#### ACTIVITY:
Which lines run from the one containing "(3510)小红书电商高级运营课程:基础入驻篇+商城流量运营+笔记流量运营" through the last line of the records? Copy them exactly, leaving pictures out.
[ENTRIES SUPPLIED Boundary: Start]
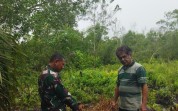 Babinsa Koramil 01/Dumai Ajak Warga Cegah Karhutla, Sekaligus Dampingi Budidaya Terong
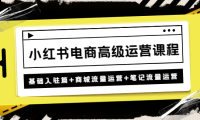(3510)小红书电商高级运营课程:基础入驻篇+商城流量运营+笔记流量运营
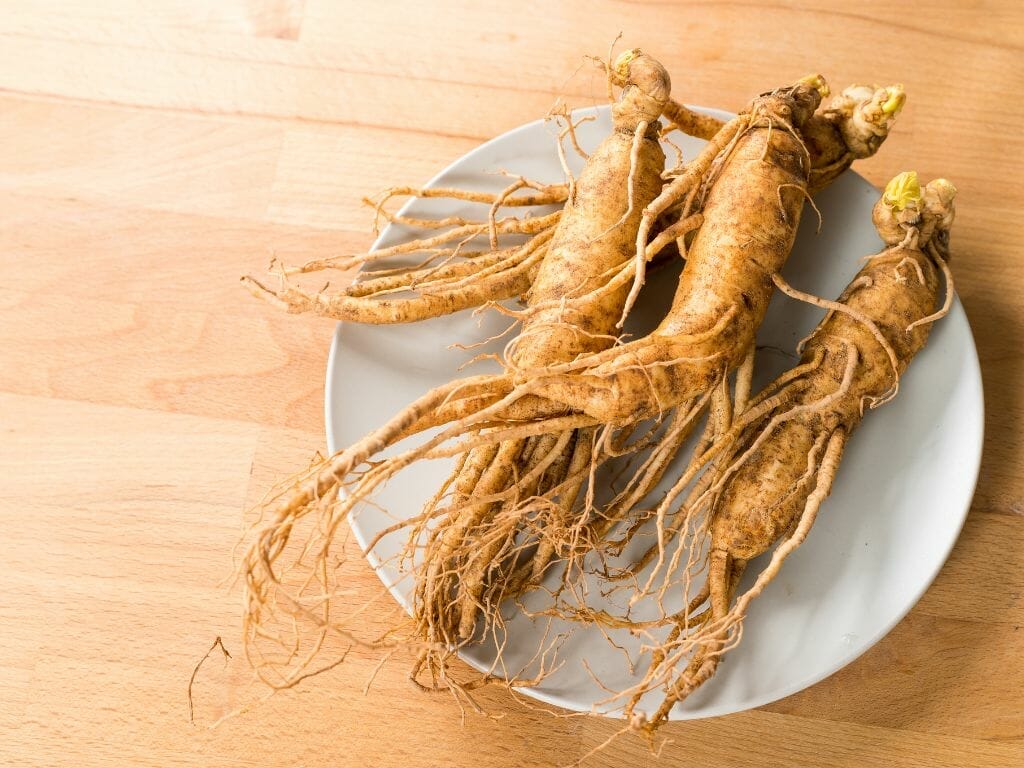 Best ginseng for energy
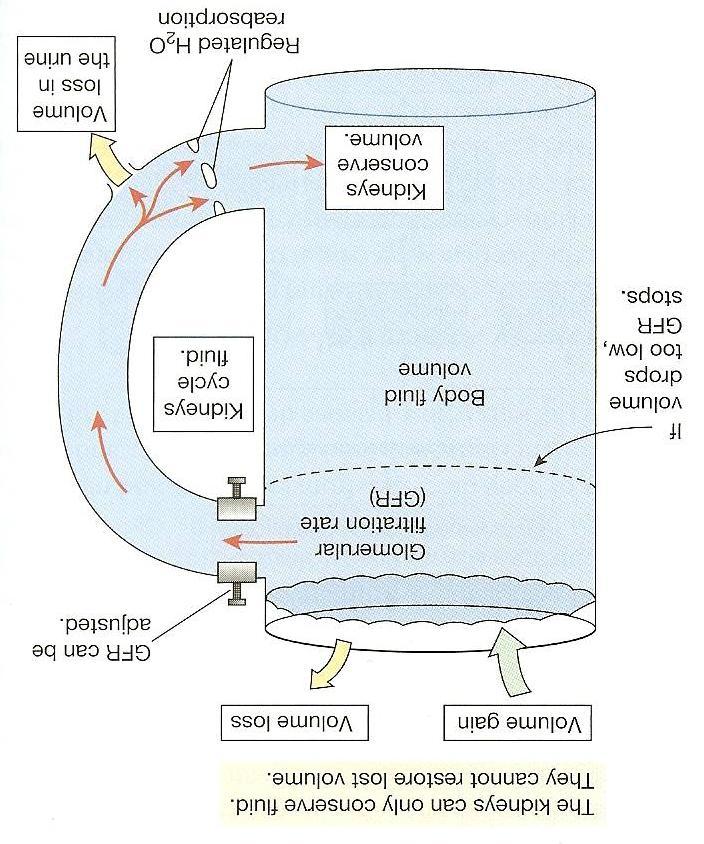 5 WATER BALANCE OSMOSIS EXPLAINED a. Water Distribution a. Plasma: 8% b. Interstitial Tissue: 25% [tissue fluid/external fluid/3 rd space] c. Intracellular Fluid: 67% b. Tonicity and Cell Volume a.
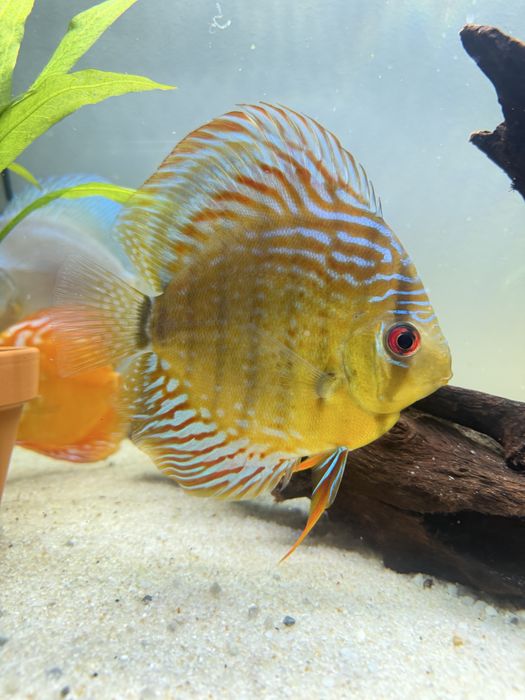 Duży dyskowiec  samiec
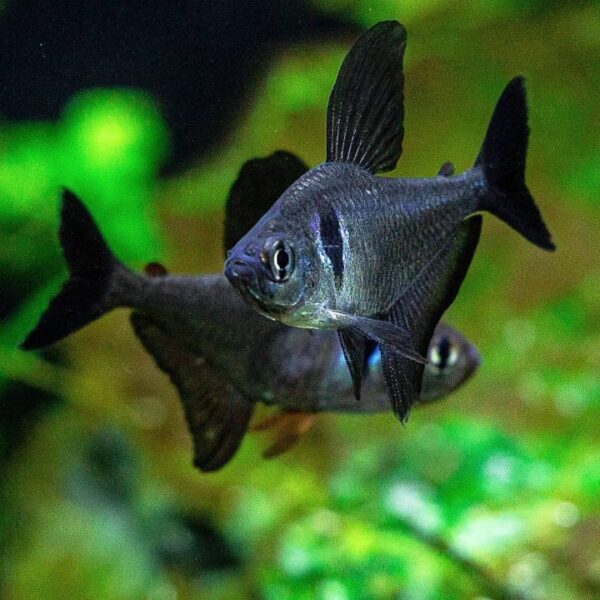 Black Phantom Tetra - Image 2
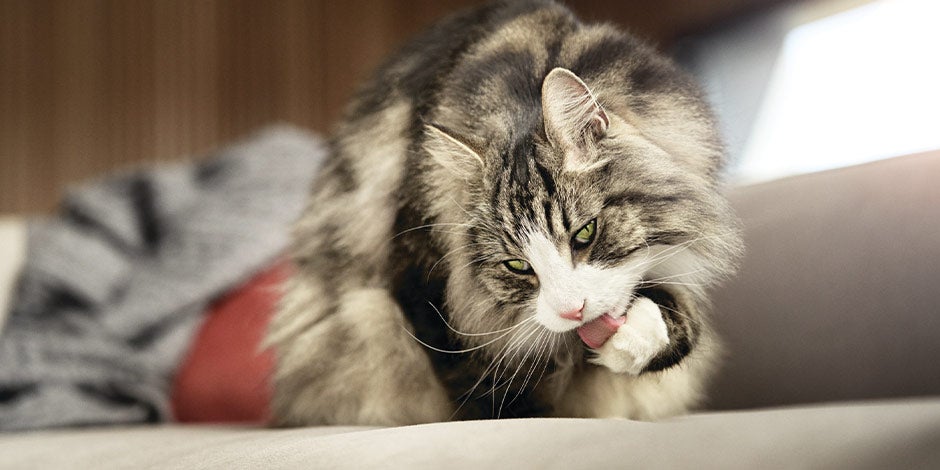 Dermatitis en gatos - Lamido Gato lamiendo su pata. Si el lamido, se vuelve excesivo, podría indicar dermatitis en gatos.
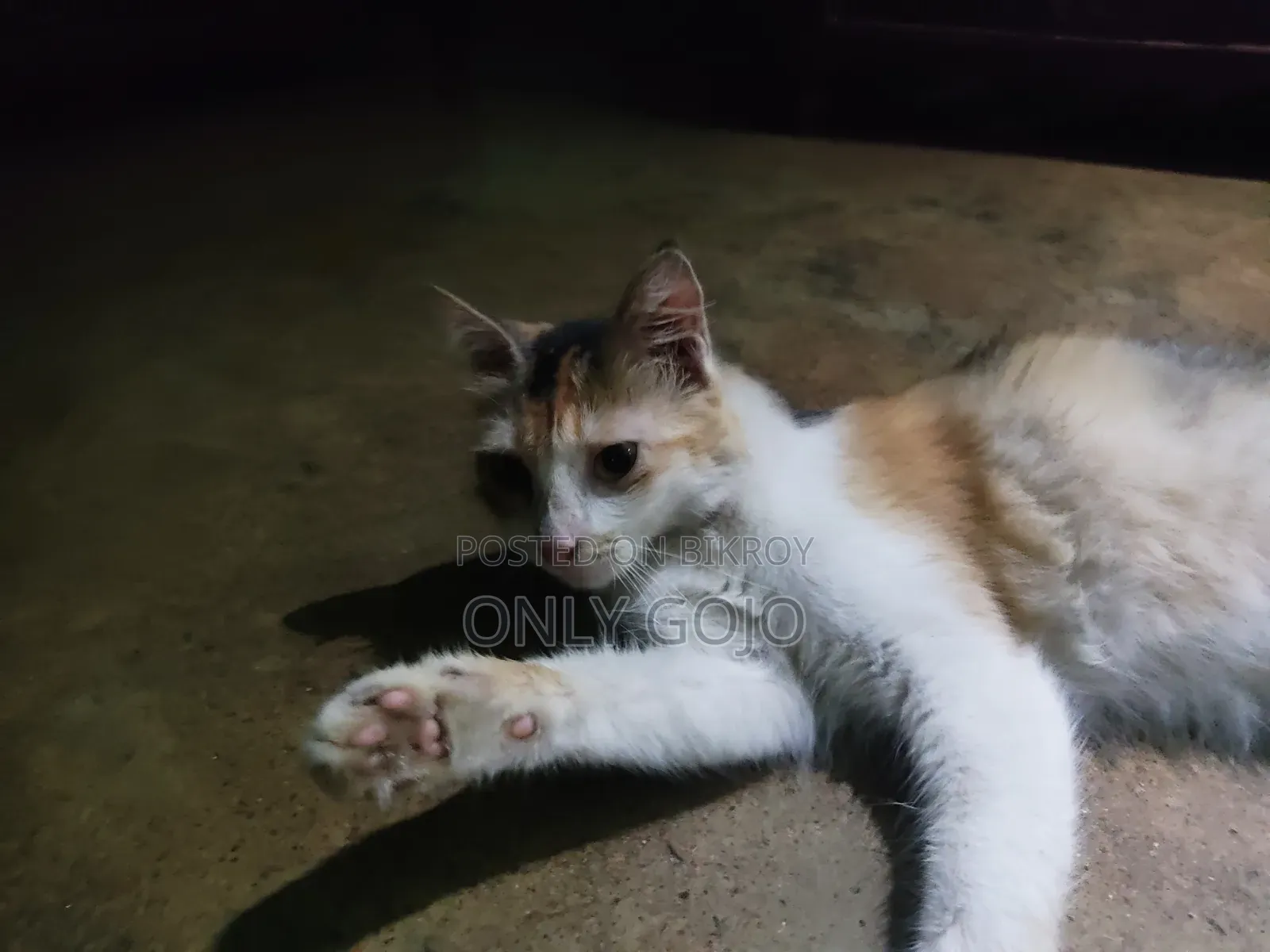 6-12 months Female Mixed Breed Persian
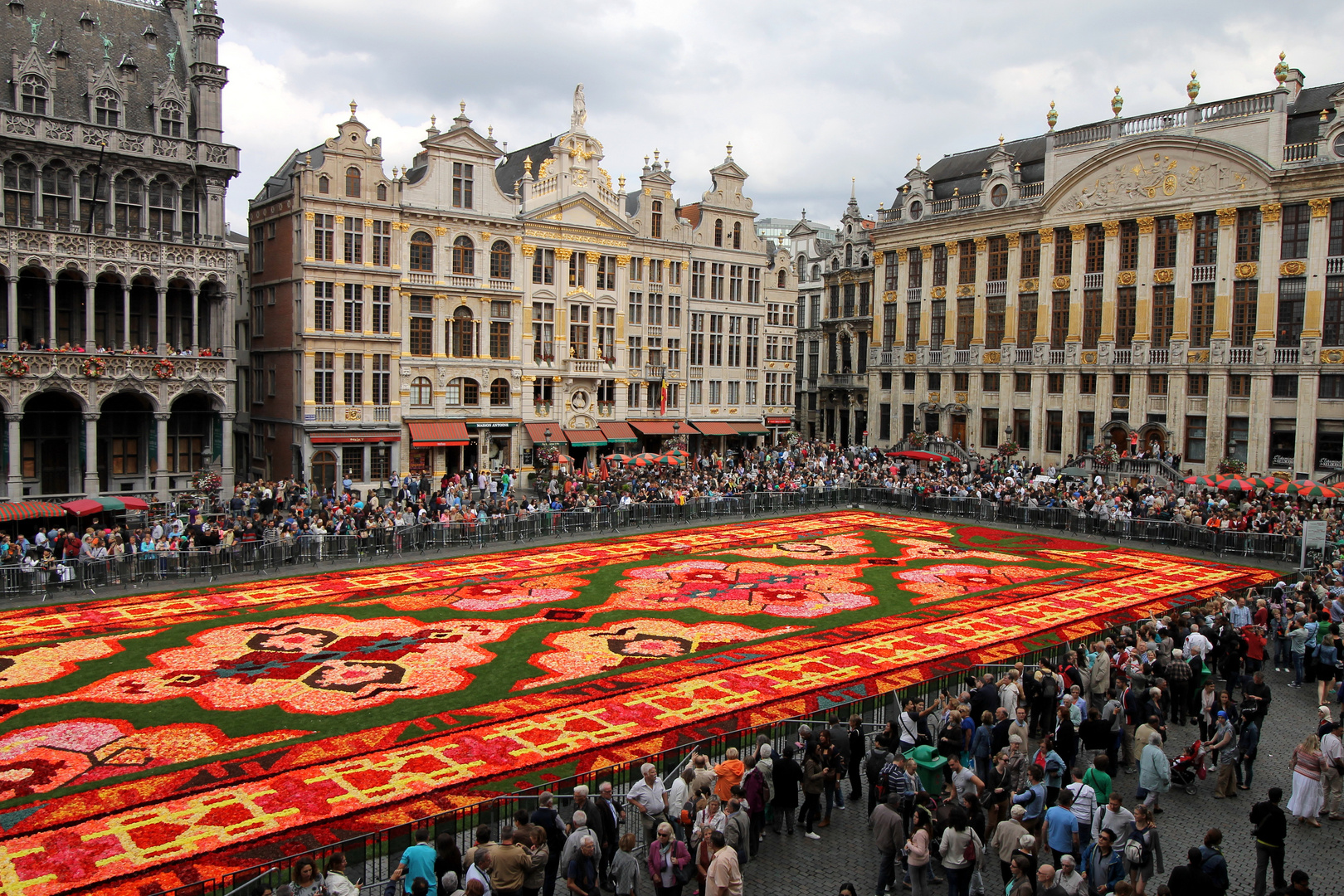 Der Blumenteppich auf dem Grand Place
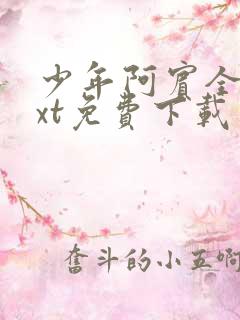 少年阿宾全本txt免费下载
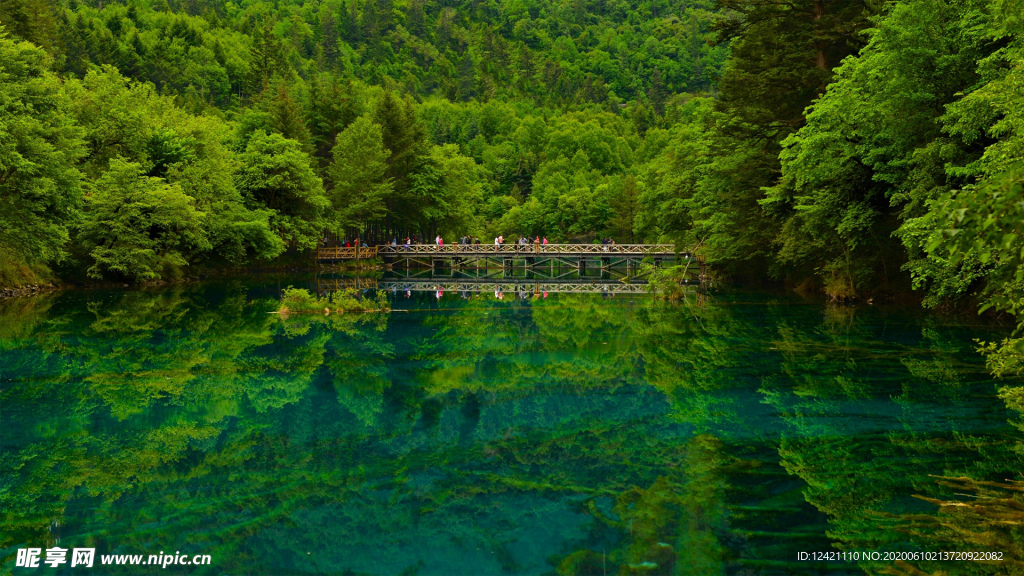 山水树木背景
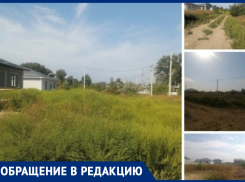 «Не косят годами»: анапчанка о масштабных проблемах с амброзией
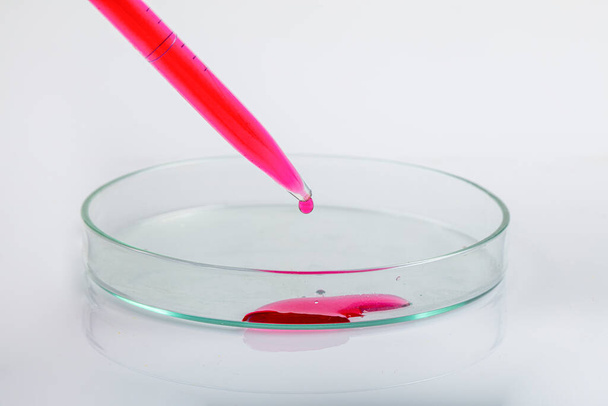Laboratorní pipeta s kapkou červené tekutiny přes Petriho misky s červeným roztokem biologické analýzy kontaminovaným růstem infekčních bakterií pro biotechnologický experiment ve vědecké výzkumné laboratoři. - Fotografie, Obrázek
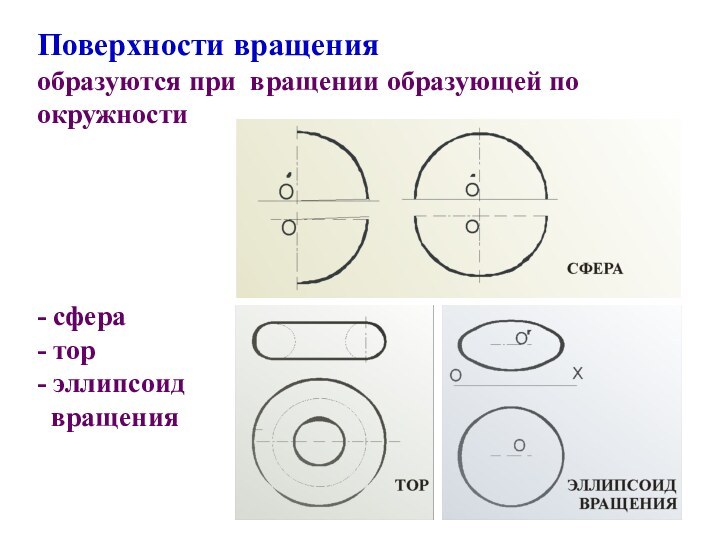 Поверхности вращения образуются при вращении образующей по окружности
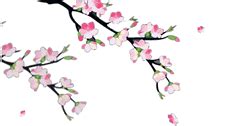 Bunga ini mempunyai lebih dari 100 jenis atau spesies berbeda yang dapat kita temukan diseluruh penjuru dunia. Dian Yang Tak Kunjung Padam: Aneka Animasi Bunga Sakura ...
[ENTRIES SUPPLIED Boundary: End]
#### ANSWER TO THE PROBLEM:
(3510)小红书电商高级运营课程:基础入驻篇+商城流量运营+笔记流量运营
 Best ginseng for energy
 5 WATER BALANCE OSMOSIS EXPLAINED a. Water Distribution a. Plasma: 8% b. Interstitial Tissue: 25% [tissue fluid/external fluid/3 rd space] c. Intracellular Fluid: 67% b. Tonicity and Cell Volume a.
 Duży dyskowiec  samiec
 Black Phantom Tetra - Image 2
 Dermatitis en gatos - Lamido Gato lamiendo su pata. Si el lamido, se vuelve excesivo, podría indicar dermatitis en gatos.
 6-12 months Female Mixed Breed Persian
 Der Blumenteppich auf dem Grand Place
 少年阿宾全本txt免费下载
 山水树木背景
 «Не косят годами»: анапчанка о масштабных проблемах с амброзией
Laboratorní pipeta s kapkou červené tekutiny přes Petriho misky s červeným roztokem biologické analýzy kontaminovaným růstem infekčních bakterií pro biotechnologický experiment ve vědecké výzkumné laboratoři. - Fotografie, Obrázek
 Поверхности вращения образуются при вращении образующей по окружности
 Bunga ini mempunyai lebih dari 100 jenis atau spesies berbeda yang dapat kita temukan diseluruh penjuru dunia. Dian Yang Tak Kunjung Padam: Aneka Animasi Bunga Sakura ...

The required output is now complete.